**Task statement**
Quote the entries word for word. Omit the pictures.

Web page caption snippets:
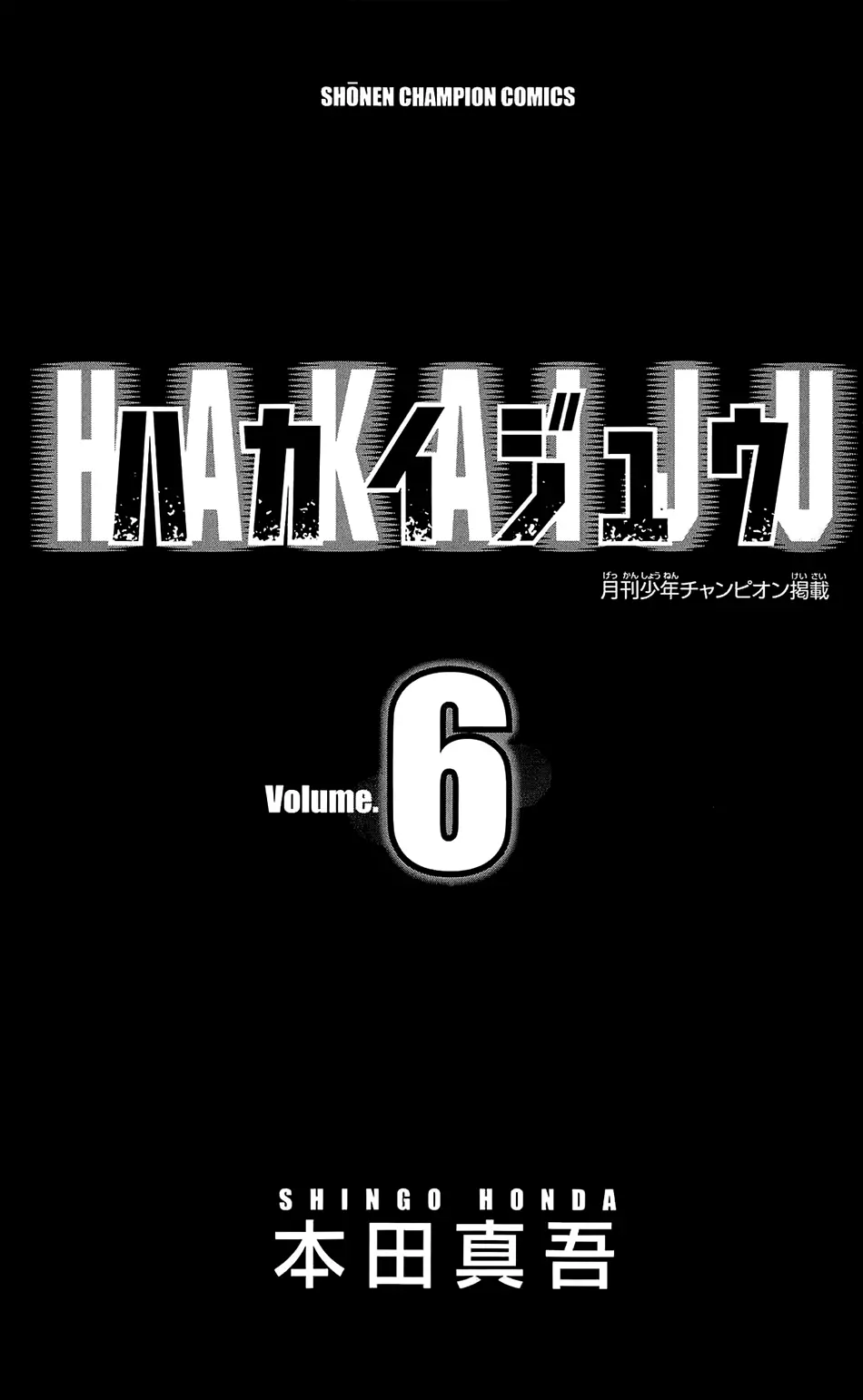 Hakaijuu Nettruyen ZZZ Chương 20 Page 4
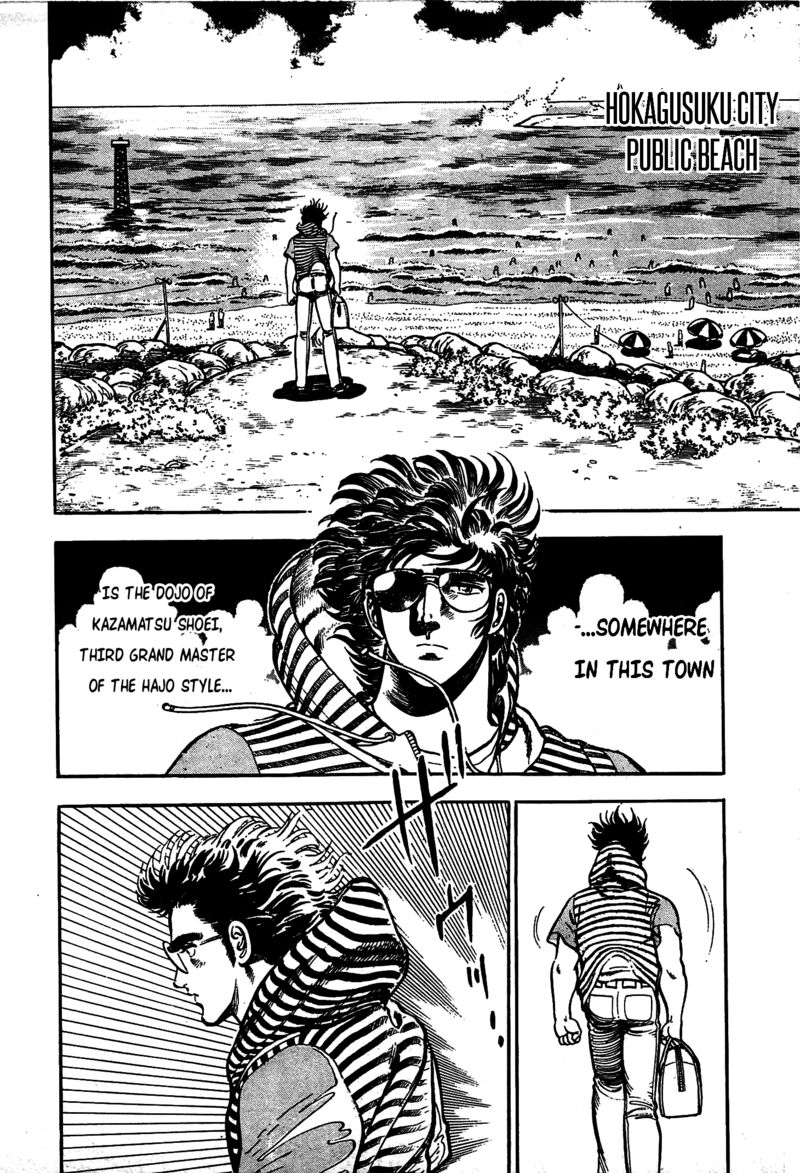 karate_mokushiroku_13_17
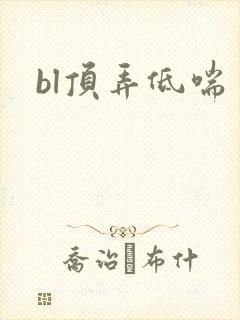 bl顶弄低喘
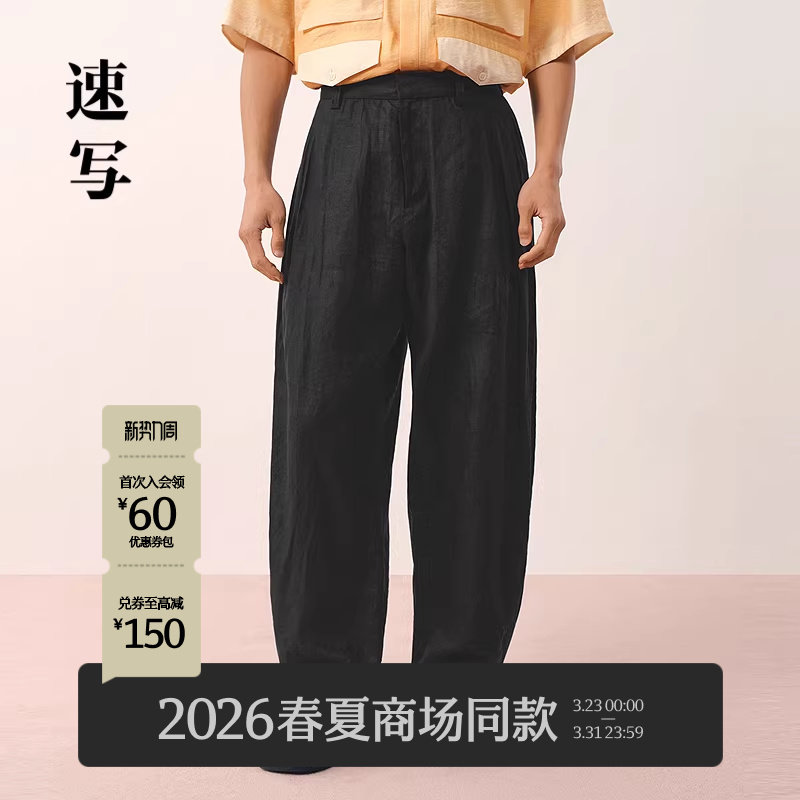 [压褶系列]速写男装2026春新品商场同款休闲裤亚麻直筒9Q3E
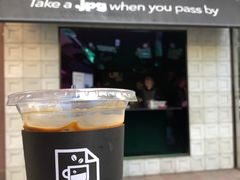 -JPG coffee(广州体育西店)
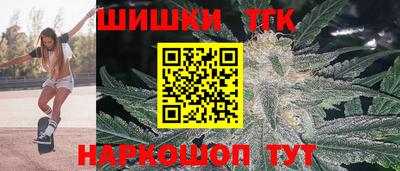 прущая мука Моздок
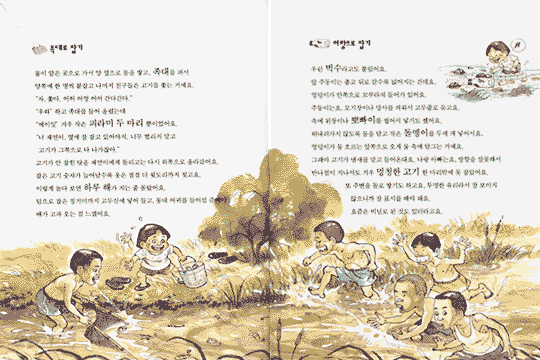 짱뚱아 까치밥은 남겨둬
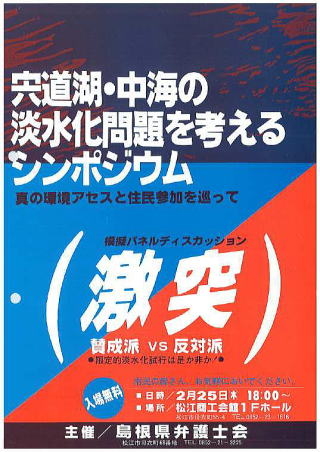 宍道湖・中海の淡水化問題を考えるシンポジウム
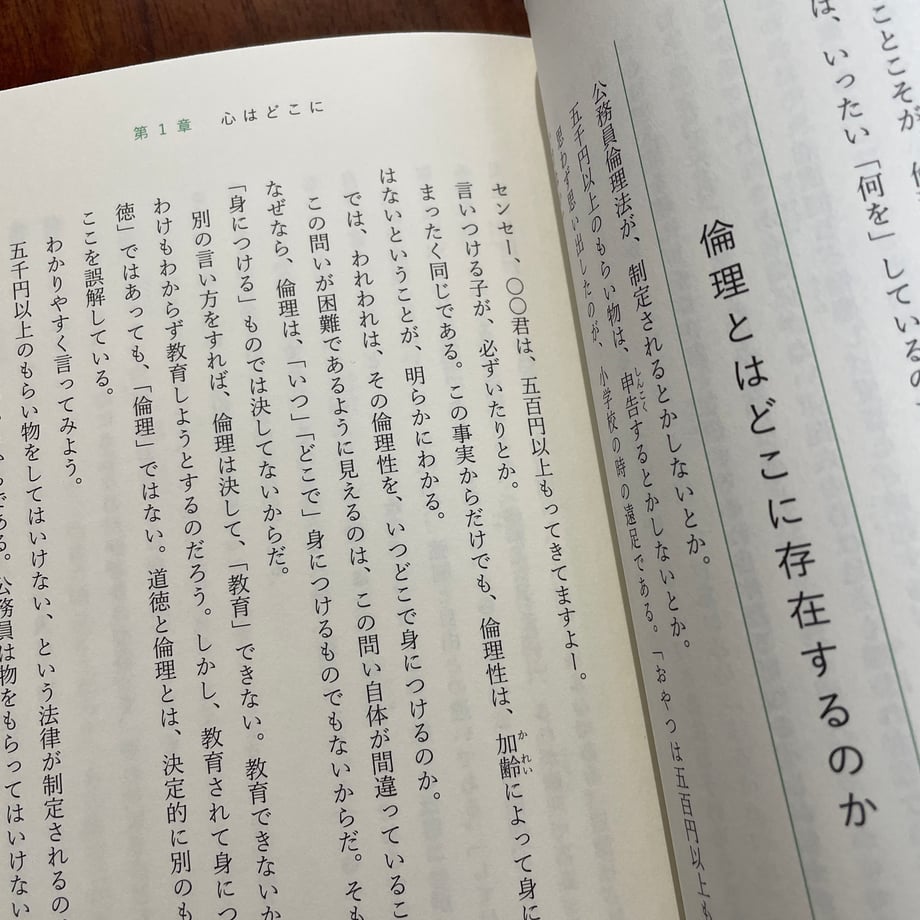 639406a97afdb422559cdeb6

**Result**
 Hakaijuu Nettruyen ZZZ Chương 20 Page 4
 karate_mokushiroku_13_17
 bl顶弄低喘
 [压褶系列]速写男装2026春新品商场同款休闲裤亚麻直筒9Q3E
 -JPG coffee(广州体育西店)
 прущая мука Моздок
 짱뚱아 까치밥은 남겨둬
 宍道湖・中海の淡水化問題を考えるシンポジウム
 639406a97afdb422559cdeb6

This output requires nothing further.